Debt and Depository Intermediation
The growth of the debt of nonfederal sectors was strong over the first half of the year, as the decline in longer-term interest rates during the final months of 2000 prompted some opportunistic tapping of bond markets by businesses and helped keep the expansion of household credit brisk. However, the combination of a stepdown in the growth of consumer durables purchases, a further drop in capital expenditures, and a substantial inventory liquidation over the second half of the year resulted in a significantly slower pace of private borrowing. On balance, growth of nonfederal debt retreated about 1 percentage point in 2001, to 7-1/2 percent. Federal debt continued to contract early last year; it then turned up as the budget fell into a deficit reflecting the implementation of the tax cut, the effect of the weaker economy on tax receipts, and emergency spending in the wake of the terrorist attacks. As a result, the federal government paid down only 1-1/4 percent of its debt, on net, over 2001, compared with 6-3/4 percent in the previous year. With nominal GDP decelerating sharply, the ratio of nonfinancial debt to GDP moved up notably in 2001, more than reversing its decrease in the previous year.

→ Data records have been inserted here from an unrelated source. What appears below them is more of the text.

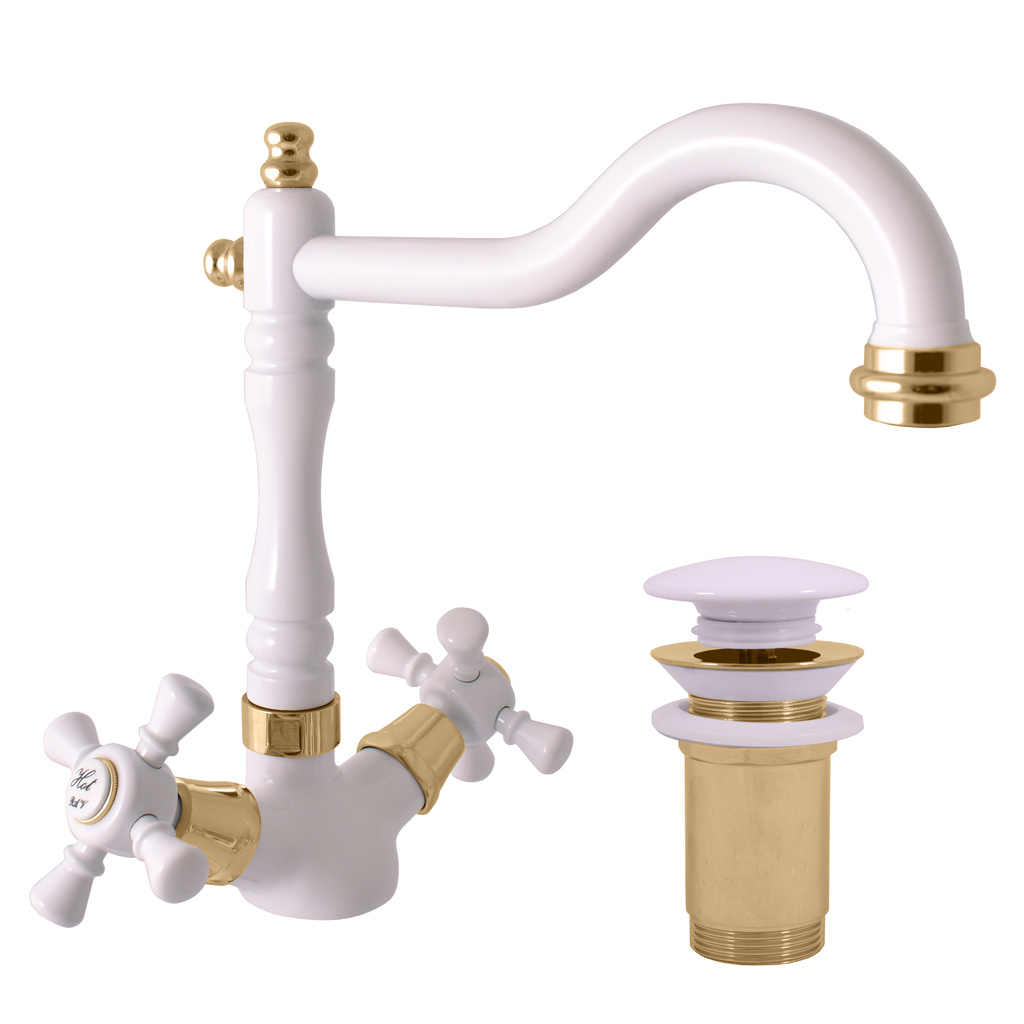 Basin water mixer MORAVA RETRO WHITE/GOLD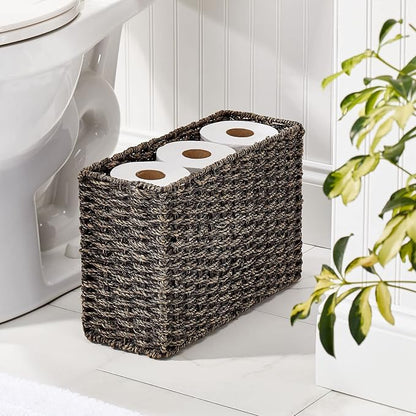 mDesign Rustic Farmhouse Woven Seagrass Toilet Paper Holder Basket - Image 2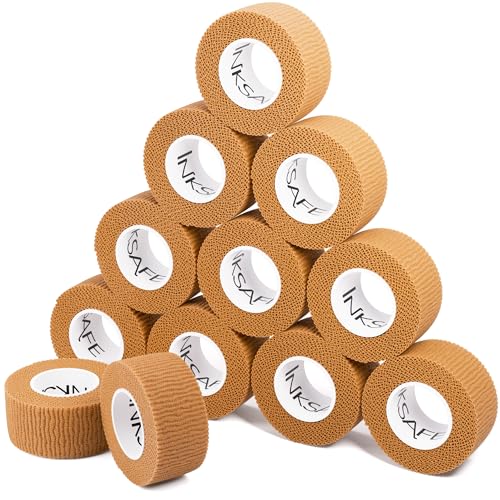 Inksafe Tan Self Adherent Cohesive Bandages 2.5cm x 4.5m Box of 12 - Uses Include Vet Wrap, Tape for Wrist and Ankle Sprains, Finger and Thumb Tape,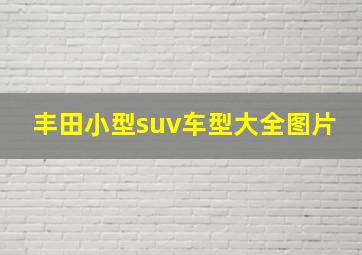 丰田小型suv车型大全图片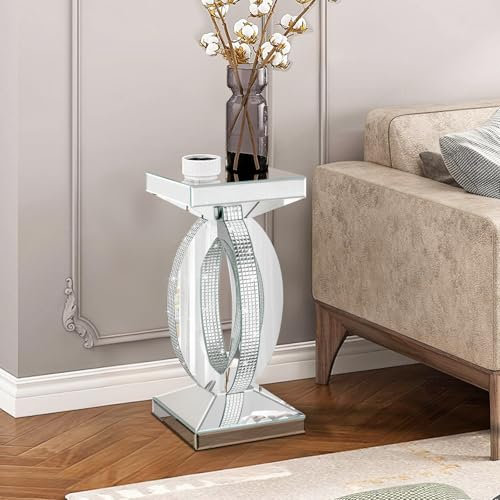 Jesantab Beistelltisch aus verspiegeltem Glas mit zerkleinertem Diamantmuster, silberner Beistelltisch, Kleiner verspiegelter Couchtisch für Wohnzimmer, Schlafzimmer, 30x 30 x 66 cm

The economic slowdown and the decline in market interest rates last year left a noticeable imprint on the composition of financial flows, with borrowing by businesses and households migrating toward longer-term bond and mortgage markets. As a consequence, credit at depository institutions expanded sluggishly over the year. Growth of loans at commercial banks dropped off sharply, from 12 percent in 2000 to 2-1/4 percent in 2001. The slowdown in total bank credit--after adjustments for mark-to-market accounting rules--was less severe, because banks acquired securities, largely mortgage-backed securities, at a brisk pace throughout the year. A healthy banking sector served as an important safety valve for several weeks after September 11, as businesses tapped backup lines of credit to overcome problems associated with the repayment of maturing commercial paper and issuance of new paper. Moreover, with payment flows temporarily interrupted by the terrorist attacks, a substantial volume of overdrafts was created, causing a spike in the "other" loan category that includes loans to depository institutions. By the end of October, however, the disruptions to business financing patterns and payment systems that bloated bank balance sheets had largely dissipated, and loans contracted sharply.
Commercial banks reported a marked deterioration in loan performance last year. Delinquency and charge-off rates on C&I loans trended up appreciably, although they remained well below rates recorded during the 1990-91 recession. Delinquency rates on credit card accounts increased for the second year in a row, reaching 5 percent for the first time since early 1992. Banks responded to the deteriorating business and household balance sheets by tightening credit standards and terms for both types of loan, according to the Federal Reserve's Senior Loan Officer Opinion Survey on Bank Lending Practices. Banks indicated that they had tightened business lending policies in response to greater uncertainty about the economic outlook and their reduced tolerance for risk. Similarly, the net fractions of banks reporting that they had tightened standards for both credit card and other consumer loans rose markedly over the first half of last year. As household financial conditions continued to slip, the net proportion of banks that tightened standards on consumer loans remained at an elevated level in the second half of the year.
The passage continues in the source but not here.